Today is the Gay Pride parade. Amsterdam is even more welcoming than San Francisco, with rainbow flags festooning everything. The city is packed, but the museums have been empty. My only bit of pique is that the rainbow image has been co-opted to become the symbol of a single special interest group. I think rainbows should belong to everyone.
The Rijksmuseum is a great museum — and well-organized too. While the Hermitage was a bit of a disappointment (too much shlock, which is unsurprising when you think about the kitschy palaces), the Rijksmuseum was just fine.
If you’re in Holland, visit the Rembrandt House, where you can see a meticulous recreation of his home in the building he occupied for almost 20 years after Saskia died.
Anne Frank’s house has become a thriving industry since I saw it in 1980. The remodel is splendid in that it channels traffic skillfully so that every visitor gets a chance to walk through the Secret Annex. (Buy tickets online if you go there. The crowds waiting to get in are horrific.) The museum around the house focuses in tightly on Ann, her family, and her friends. It makes the Holocaust very personal but, by doing so, fails utterly to educate people about the Holocaust or fascism.

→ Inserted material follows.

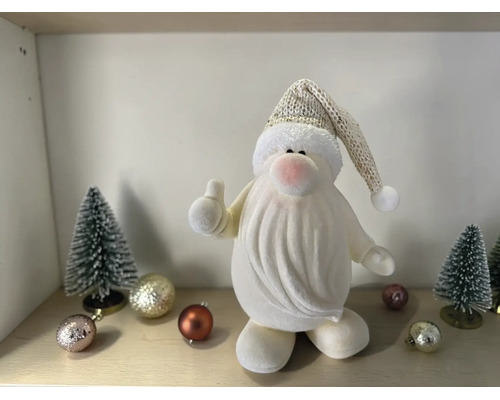 Kleine weiße Weihnachtsmann-Figur mit Daumen nach oben, Strickmütze, kleinen Tannenbäumen und Weihnachtskugeln auf einer Ablage.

At the end if the museum, there’s a room with very short videos, many of which are about special interest demands against a greater European culture that is not bowing to their dressing, immigration, or marriage requirements. The videos begin by focusing on a fictional young person with needs, and then, having personalized that need, gives a brief, shallow, fairly even-handed look at the issue, whether it’s veils in schools, forcing Christian civil servants to perform gay marriages, or allowing people to serve in the military while wearing religious garb.
Having started each video with the personalization, everyone knows what they’re supposed to think. None of the videos delves into the deeper issues. For example, are the veil-wearing girls embracing Dutch culture, or undermining it? (E.g., are they fifth columnists, like Maj. Hasan, or multicultural patriots?) If the veil is a symbol of religious faith, that’s one thing. If it represents the thin edge if the wedge for sharia, it’s another. By simplifying and personalizing the matter, the Anne Frank museum manages to say that a country’s desire to protect certain laudable institutions against a self-professed form of religious fascism is tantamount to Nazis killing Anne Frank.
I watched about ten or twelve videos, and the only nod to antisemitism was in the video about Holocaust Denial on YouTube.
I’m homesick. My idea of a good trip is about two weeks. Being gone for 27 days drains me. Even a good trip — and this was good — can go on too long.